Wednesday, 25 November 2015

WBP-1, EPB-1C

25 November 2015

Full size is 27' x 4' wing. Do one for slope soarer?
Use WLToys receiver with Flysky module for elevon mixing, only elevons with pushrods at bottom of wing, fixed rudder, full span elevons. Maybe to 1/12th scale with folded foam for fuselage and clear canopy (with a pilot inside)? Then receiver and battery can be hidden. And when I can't slope soar it, maybe I can do a pylon mount for a 7-8mm brushed motor direct drive spinning Hubsan type of propeller? Or how about twin 6-7mm motors out on the wings?

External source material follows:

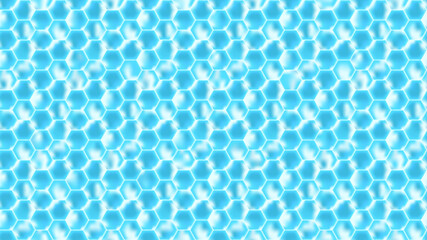 Seamless pattern from honeycombs blue. Shiny bright background from hexagon for banner design. Vector illustration.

Airfoil for the wings would of course look good, but since this model is going to have a very light wing loading but used for slope soaring, the drag has to be reduced so I shall thin the wing down, that and the fact that 3mm foam wing with 3mm balsa leading edge and thin plate airfoil for the 27"x4" wing is easy to construct.
Canopy and top decking maybe moulded from clear PVC sheet, but that means I shall have to make a male mould and a plywood cutout.
The lower fuselage can either be made from 3mm foam. Alternateively, if I use PVC sheet, it is more durable afterall the fuselage is very short. The top nosepiece can be stretched PVC over a blue foam mold without the corresponding plywood cutout. The nosepiece is glued to the PVC sheet sides and bottom sealed with another piece. Perhaps I can use this lower fuselage like a removable pod for access to electronics and battery.
 

14 September 2014

Sub 40 gm.  Flies great after CG is appropriate.  Nimble and good glide. I was concerned about the large nose area.
Profile Scale
Span 20"
Chord 4"
2 gm brushless on 1s esc (1gm) 1s150mah, 3"x2" prop.
Throttle and elevons
Mass sub 40 gm (5gm noseweight)
Compressed foam sheets 5mm.
S-airfoil, carved leading and trailing edges with NT cutter.
1mm balsa fins.

Sopwith Pup, Sopwith Triplane

25 November 2015

Alternative to CF cabanes, struts and undercarriage is to use plastic sheet by cutting the plastic sheet (pvc clear?) to shape with glue tabs and then bend and glue to model. This seems more accurate, simpler and easier to do then CF rods and there are no need for blue foam blocks. If some parts need to be stronger (compression), then glue some CF rods to the inside of the plastic parts.

21 November 2015

Cowling can be made from blue foam. It can be halved so that the top half can be removed for battery access and replaced before flight. The top and bottom halves can have magnets to hold them together. The bottom half to have a slot to glue on the geared motor. The bottom half is glued to the fuselage.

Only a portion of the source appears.